> **WORK TO COMPLETE**: Scan the records beneath this line for the line holding "Used Toyota Aygo" and the line holding "9 Pigeon Flat Road, Bordertown SA 5268", then transcribe exactly those two and all lines between.

> **DATASET RECORDS**:
────
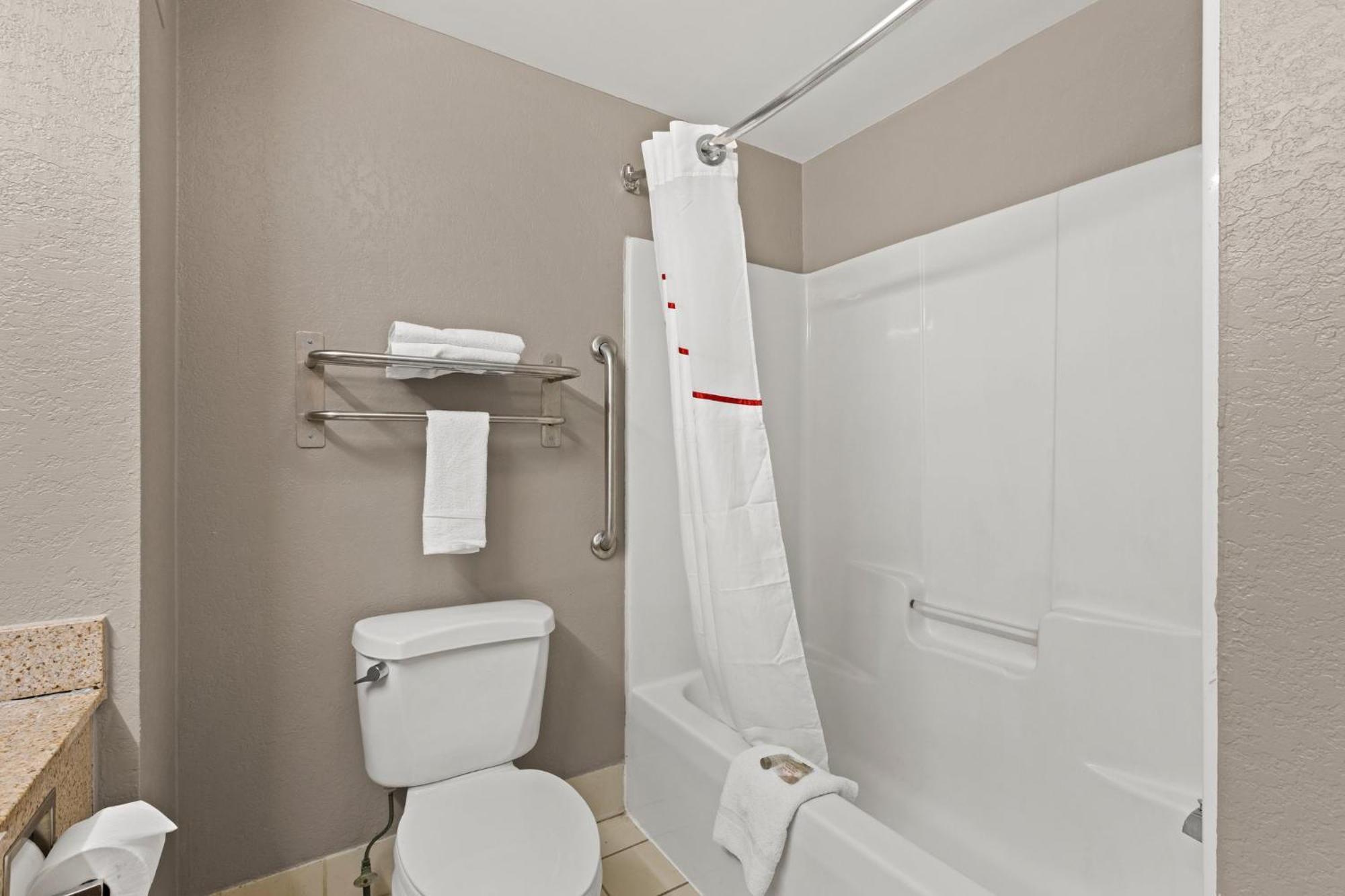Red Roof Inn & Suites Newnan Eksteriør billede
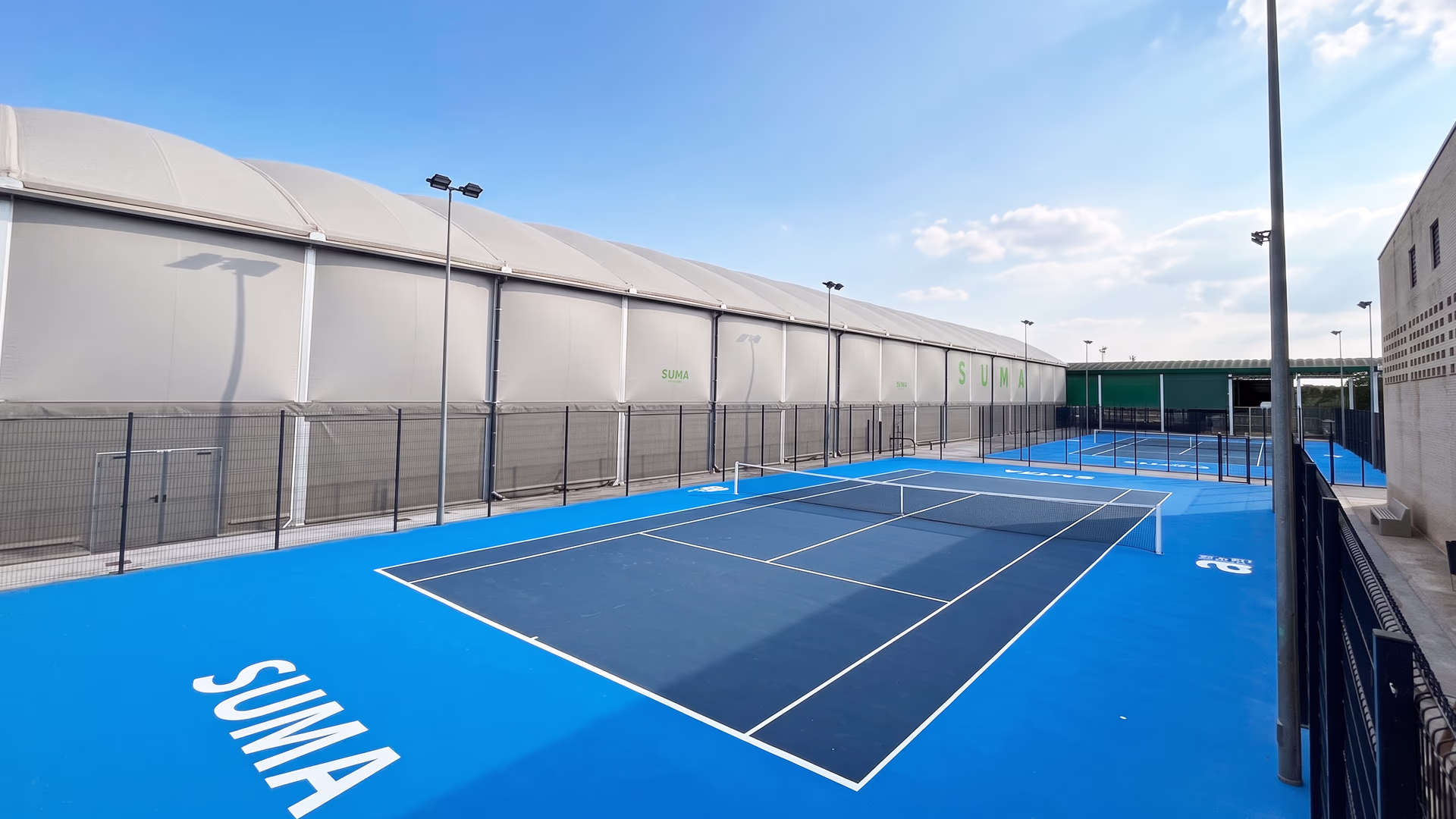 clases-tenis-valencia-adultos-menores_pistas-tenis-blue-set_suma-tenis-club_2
────
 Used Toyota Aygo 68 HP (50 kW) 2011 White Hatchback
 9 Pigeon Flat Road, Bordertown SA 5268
────
> **RESPONSE BELOW**:
 Used Toyota Aygo 68 HP (50 kW) 2011 White Hatchback
 9 Pigeon Flat Road, Bordertown SA 5268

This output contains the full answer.